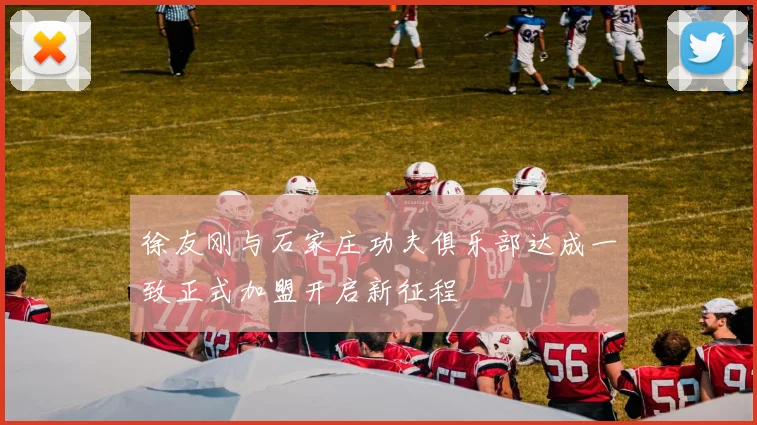 徐友刚与石家庄功夫俱乐部达成一致正式加盟开启新征程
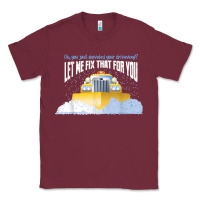 Burgundy funny snow plow driver shirt   gift for snowplow drivers t shirt Classic Tee - linhVisuals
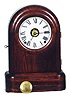 Seth Thomas Clock Co. "Tombstone" or cabinet model shelf clock, ca 1863.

## Assignment
Extract the full listing exactly, with the pictures left out.

## Reply
 徐友刚与石家庄功夫俱乐部达成一致正式加盟开启新征程
 Burgundy funny snow plow driver shirt   gift for snowplow drivers t shirt Classic Tee - linhVisuals
 Seth Thomas Clock Co. "Tombstone" or cabinet model shelf clock, ca 1863.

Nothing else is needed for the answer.